A new study, called ''The Impact of the Housing Crash on Family Wealth,'' projects that the downturn in the housing sector could, by next year, eliminate nearly all of the wealth that families have accumulated over the past two decades. That study, conducted by the Washington, D.C.-based Center for Economic and Policy Research (CEPR), concludes that decisions homeowners have made about saving and consumption, which were based on perceptions of their own wealth, will not be easily reversed now that this wealth is diminished. The significant decline in housing wealth is most likely to have its greatest impact on owners in their 50s and 60s as they approach retirement age with few assets other than their homes.

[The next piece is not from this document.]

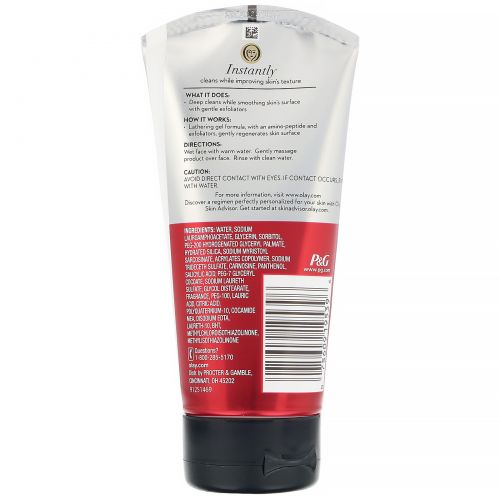 Olay, Regenerist, Advanced Anti-Aging, скраб для очищения пор, 150 мл (5 жидк. унций)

CEPR bases its projections on data extrapolated from the 2004 Survey of Consumer Finance and its own assumptions that real house prices in 2009 will be 10 percent below the S&P/Case-Shiller Index for March 2008. (That's a pretty safe bet given that this index, which tracks existing home sales, took its biggest percentage decline ever in May.) CEPR also assumes zero net savings for households during this period.
CEPR projects that the median family in the 35- to 44-year-old age group would have only $31,300 in wealth in 2009, or 63.2 percent less than the wealth this group had in 2001 and 44.8 percent less than the median family in 1989 (which the study uses as a benchmark because that was the last time the country had a severe home-price decline).
For homeowners in the 45 to 54 age group, the fall in housing prices is projected to reduce their wealth in 2009 by 34.6 percent compared to 2004 levels. This median family's wealth next year would be only 0.8 percent higher than the median for this age group in 1989, CEPR projects. (The Center also points out that its comparison might actually be overstating the wealth of families in 2009 because it does not include in its calculation defined pension benefits, which more than half of all families had in 1989, versus 35 percent today.)
Homeowners in the 55 to 64 age group are most likely to feel the results of the decline in housing prices. Consider that, in 2004, this group's median wealth was nearly 180 percent higher than the median wealth of the age group in 1989. "The plunge in house prices since 2006 is projected to eliminate most of this gain," states CEPR. The group's median wealth is expected to fall to $138,700 in 2009 from $275,400 in 2004. This age group's wealth would still be 56.6 percent higher than it was in 1989, but much of that gain would disappear if defined pension benefits were included in this analysis.
CEPR believes that much of this wealth drain might have been avoided had the government not allowed the housing price bubble to expand unchecked. "Families will behave as though the bubble-generated wealth is real and adjust their consumption and savings behavior accordingly. As a result, tens of millions of families are likely to make wrong decisions, saving far less than they would have if they recognized the transitory nature of the bubble wealth."
John Caulfield is senior editor for BUILDER magazine.